Introduction
Connect your ZenML deployment to a cloud provider and other infrastructure services and resources.
A production-grade MLOps platform involves interactions between a diverse combination of third-party libraries and external services sourced from various different vendors. One of the most daunting hurdles in building and operating an MLOps platform composed of multiple components is configuring and maintaining uninterrupted and secured access to the infrastructure resources and services that it consumes.
In layman's terms, your pipeline code needs to "connect" to a handful of different services to run successfully and do what it's designed to do.

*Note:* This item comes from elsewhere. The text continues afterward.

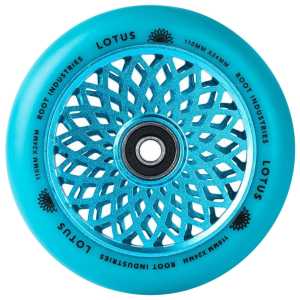 Root Industries Lotus 110mm Scooter Wheel - Blue/Blue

For example, it might need to connect to a private AWS S3 bucket to read and store artifacts, a Kubernetes cluster to execute steps with Kubeflow or Tekton, and a private GCR container registry to build and store container images. ZenML makes this possible by allowing you to configure authentication information and credentials embedded directly into your Stack Components, but this doesn't scale well when you have more than a few Stack Components and has many other disadvantages related to usability and security.
Gaining access to infrastructure resources and services requires knowledge about the different authentication and authorization mechanisms and involves configuring and maintaining valid credentials. It gets even more complicated when these different services need to access each other. For instance, the Kubernetes container running your pipeline step needs access to the S3 bucket to store artifacts or needs to access a cloud service like AWS SageMaker, VertexAI, or AzureML to run a CPU/GPU intensive task like training a model.

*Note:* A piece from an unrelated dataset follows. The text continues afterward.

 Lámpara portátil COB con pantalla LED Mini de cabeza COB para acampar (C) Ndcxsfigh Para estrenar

The challenge comes from setting up and implementing proper authentication and authorization with the best security practices in mind, while at the same time keeping this complexity away from the day-to-day routines of coding and running pipelines.
The hard-to-swallow truth is there is no single standard that unifies all authentication and authorization-related matters or a single, well-defined set of security best practices that you can follow. However, with ZenML you get the next best thing, an abstraction that keeps the complexity of authentication and authorization away from your code and makes it easier to tackle them: the ZenML Service Connectors.

A representative use-case
The range of features covered by Service Connectors is extensive and going through the entire Service Connector Guide can be overwhelming. If all you want is to get a quick overview of how Service Connectors work and what they can do for you, this section is for you.
This is a representative example of how you would use a Service Connector to connect ZenML to a cloud service. This example uses the AWS Service Connector to connect ZenML to an AWS S3 bucket and then link an S3 Artifact Store Stack Component to it.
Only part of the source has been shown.